Whereas Pleasant Grove made no express statement of its message, here, the City has.
It has a specific policy with respect to foreign flag-raisings, and it has issued resolutions in connection with others. Third, as in Summum, the — it would defeat the flagpole’s essential function as the City’s bully pulpit to treat it as a public forum.
Douglas Halward-Driemeier
The City cannot effectively use its flagpole to communicate its own message if it must remain neutral and also carry the opposite message. Private parties are free to wave their flags on City Hall Plaza or even raise a temporary flagpole there, but they cannot commandeer the City’s flagpole to send a message the City does not endorse. I welcome the Court’s questions.

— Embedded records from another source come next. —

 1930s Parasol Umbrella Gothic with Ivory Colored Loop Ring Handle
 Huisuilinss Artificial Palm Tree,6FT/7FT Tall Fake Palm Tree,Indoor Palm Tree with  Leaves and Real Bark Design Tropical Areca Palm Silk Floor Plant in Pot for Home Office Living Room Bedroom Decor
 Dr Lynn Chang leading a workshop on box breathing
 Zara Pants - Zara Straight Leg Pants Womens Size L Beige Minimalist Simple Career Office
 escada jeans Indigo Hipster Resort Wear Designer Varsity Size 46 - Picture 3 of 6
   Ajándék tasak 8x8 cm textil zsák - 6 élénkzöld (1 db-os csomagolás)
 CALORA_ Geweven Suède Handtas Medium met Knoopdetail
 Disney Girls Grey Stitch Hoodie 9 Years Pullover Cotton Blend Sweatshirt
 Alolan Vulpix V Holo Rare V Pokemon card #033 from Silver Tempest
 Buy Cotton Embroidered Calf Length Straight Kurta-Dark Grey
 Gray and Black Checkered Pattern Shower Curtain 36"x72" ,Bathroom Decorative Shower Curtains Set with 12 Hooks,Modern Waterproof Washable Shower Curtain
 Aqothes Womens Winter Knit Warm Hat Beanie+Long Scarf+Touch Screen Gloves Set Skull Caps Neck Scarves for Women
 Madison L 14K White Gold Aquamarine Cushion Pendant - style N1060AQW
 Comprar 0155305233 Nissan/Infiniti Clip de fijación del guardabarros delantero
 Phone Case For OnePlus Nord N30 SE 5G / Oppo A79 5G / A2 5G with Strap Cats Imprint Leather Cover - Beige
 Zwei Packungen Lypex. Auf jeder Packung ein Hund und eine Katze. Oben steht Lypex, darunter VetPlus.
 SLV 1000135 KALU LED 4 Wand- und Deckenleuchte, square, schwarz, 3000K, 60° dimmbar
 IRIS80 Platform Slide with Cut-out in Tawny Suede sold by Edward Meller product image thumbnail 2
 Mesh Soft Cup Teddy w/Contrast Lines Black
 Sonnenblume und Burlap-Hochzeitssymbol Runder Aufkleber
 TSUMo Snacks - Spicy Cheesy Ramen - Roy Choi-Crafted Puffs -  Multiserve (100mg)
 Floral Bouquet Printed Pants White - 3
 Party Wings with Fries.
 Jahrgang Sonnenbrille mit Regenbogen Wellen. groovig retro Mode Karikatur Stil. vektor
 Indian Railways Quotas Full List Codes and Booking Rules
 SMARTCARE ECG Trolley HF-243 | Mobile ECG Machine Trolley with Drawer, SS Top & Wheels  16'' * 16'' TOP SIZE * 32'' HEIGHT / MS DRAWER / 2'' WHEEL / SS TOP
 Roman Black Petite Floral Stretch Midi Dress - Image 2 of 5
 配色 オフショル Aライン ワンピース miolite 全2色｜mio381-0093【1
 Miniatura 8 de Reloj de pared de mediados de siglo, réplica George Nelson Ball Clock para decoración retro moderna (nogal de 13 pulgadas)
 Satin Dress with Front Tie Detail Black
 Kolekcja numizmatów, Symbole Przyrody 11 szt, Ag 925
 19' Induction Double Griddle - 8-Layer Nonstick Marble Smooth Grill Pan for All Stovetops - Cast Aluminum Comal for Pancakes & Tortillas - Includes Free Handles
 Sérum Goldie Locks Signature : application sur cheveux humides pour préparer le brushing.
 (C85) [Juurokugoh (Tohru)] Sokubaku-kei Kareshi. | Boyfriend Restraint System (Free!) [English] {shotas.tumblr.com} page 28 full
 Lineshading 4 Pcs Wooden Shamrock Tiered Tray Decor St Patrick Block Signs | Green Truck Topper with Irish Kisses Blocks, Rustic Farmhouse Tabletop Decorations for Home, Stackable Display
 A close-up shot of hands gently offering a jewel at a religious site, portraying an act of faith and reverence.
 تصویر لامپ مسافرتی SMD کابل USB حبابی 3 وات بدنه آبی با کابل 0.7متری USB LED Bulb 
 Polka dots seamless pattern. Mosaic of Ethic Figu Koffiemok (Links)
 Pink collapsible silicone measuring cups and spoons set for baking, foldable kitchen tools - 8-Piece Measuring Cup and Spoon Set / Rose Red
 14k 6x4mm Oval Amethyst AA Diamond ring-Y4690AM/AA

And I’m happy to address some of the questions
Counsel Driemeier for Bahstin went on to establish that there was an established policy, and it was also on their website. Alluding to my earlier point, that their argument should just be, that the reason they approved everything else prior to this, was because up until this asshole showed up, no one tried to put anything up there that violated our policies:
So, Your Honor, to be clear, the City policy, which appears at Joint Appendix 569, states that the City, through its Commissioner, may allow raising of flags to commemorate an event or occasion.
And that’s one bucket that we’ve described, these holidays or other similar events or occasions. Also, on the City’s website, there is a statement of the goals of the flag-raising program, and it says, we commemorate, we, the City, commemorate flags of many countries.
We want to create an environment in which everyone feels included.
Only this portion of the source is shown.